WHAT YOU HAVE TO DO: Below are records; reproduce exactly the lines from the one that has "В місті на Волині" through the one that has "LUGAR AMERICANO DALAS PLAST LEO 340-D", ends included, and nothing more.

MATERIAL PROVIDED:
- - -

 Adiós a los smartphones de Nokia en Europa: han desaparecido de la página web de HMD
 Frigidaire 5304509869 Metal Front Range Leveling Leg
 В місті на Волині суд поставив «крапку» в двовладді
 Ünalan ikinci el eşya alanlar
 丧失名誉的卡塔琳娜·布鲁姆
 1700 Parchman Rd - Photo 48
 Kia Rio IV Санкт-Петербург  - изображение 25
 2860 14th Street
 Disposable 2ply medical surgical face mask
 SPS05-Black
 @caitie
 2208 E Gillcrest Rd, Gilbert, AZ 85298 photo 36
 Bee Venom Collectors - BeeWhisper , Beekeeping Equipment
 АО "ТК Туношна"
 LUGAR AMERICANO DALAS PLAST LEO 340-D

- - -

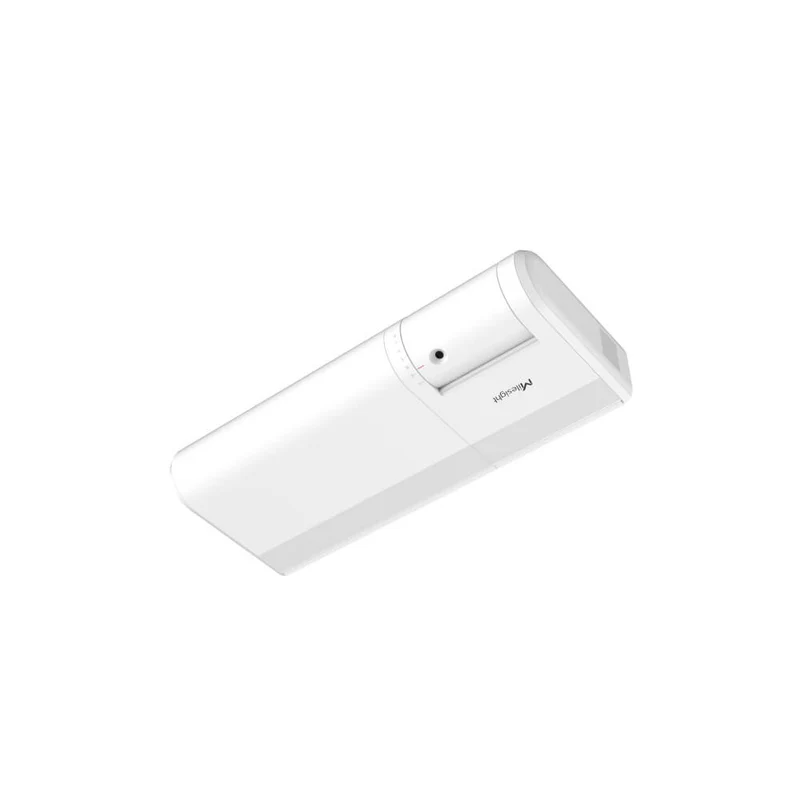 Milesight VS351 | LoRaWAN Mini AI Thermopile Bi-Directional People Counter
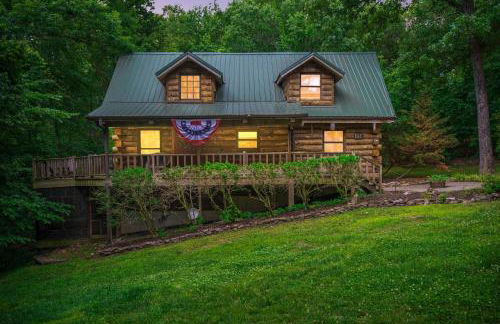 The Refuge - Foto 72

- - -

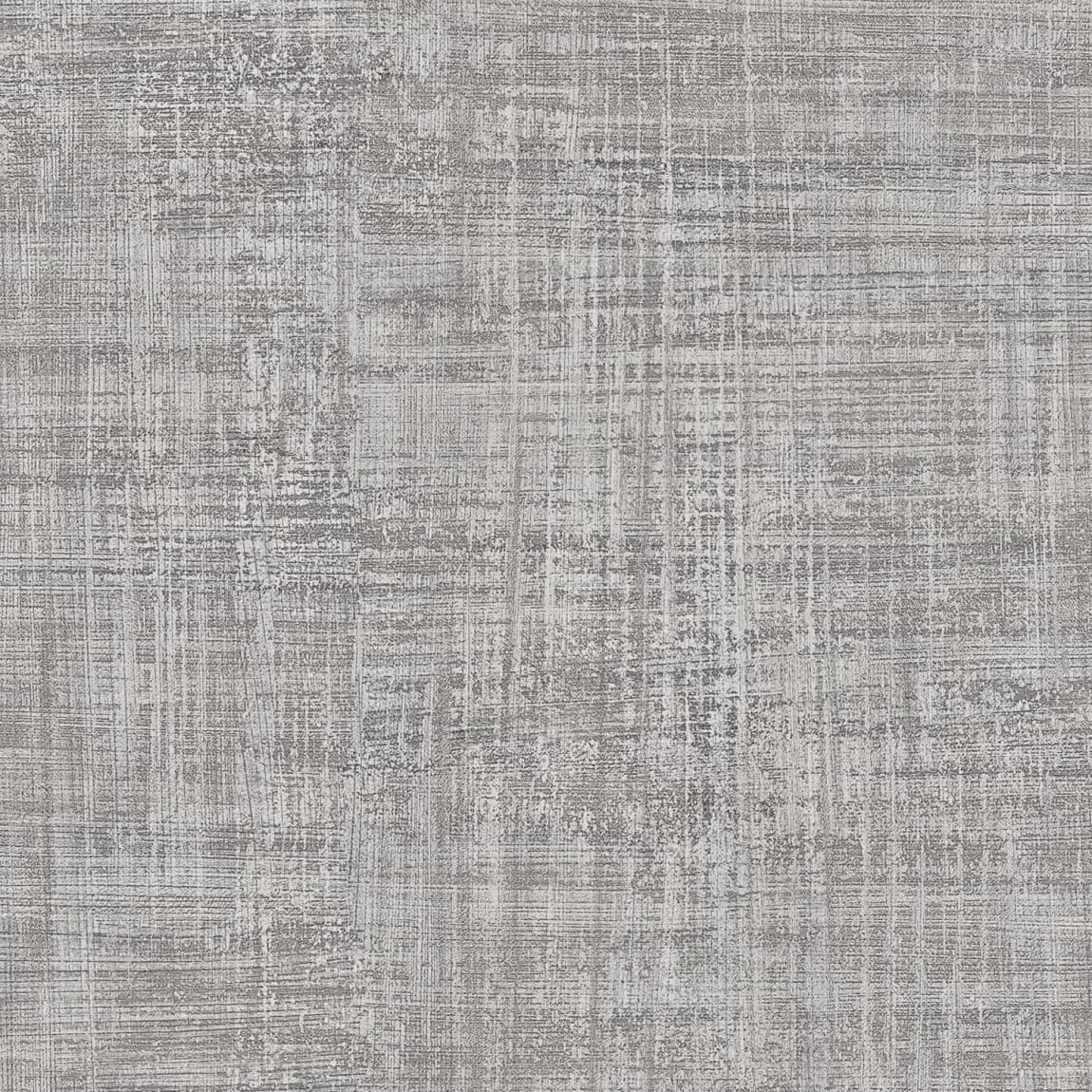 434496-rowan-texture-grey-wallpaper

- - -

EXERCISE RESULT:
 В місті на Волині суд поставив «крапку» в двовладді
 Ünalan ikinci el eşya alanlar
 丧失名誉的卡塔琳娜·布鲁姆
 1700 Parchman Rd - Photo 48
 Kia Rio IV Санкт-Петербург  - изображение 25
 2860 14th Street
 Disposable 2ply medical surgical face mask
 SPS05-Black
 @caitie
 2208 E Gillcrest Rd, Gilbert, AZ 85298 photo 36
 Bee Venom Collectors - BeeWhisper , Beekeeping Equipment
 АО "ТК Туношна"
 LUGAR AMERICANO DALAS PLAST LEO 340-D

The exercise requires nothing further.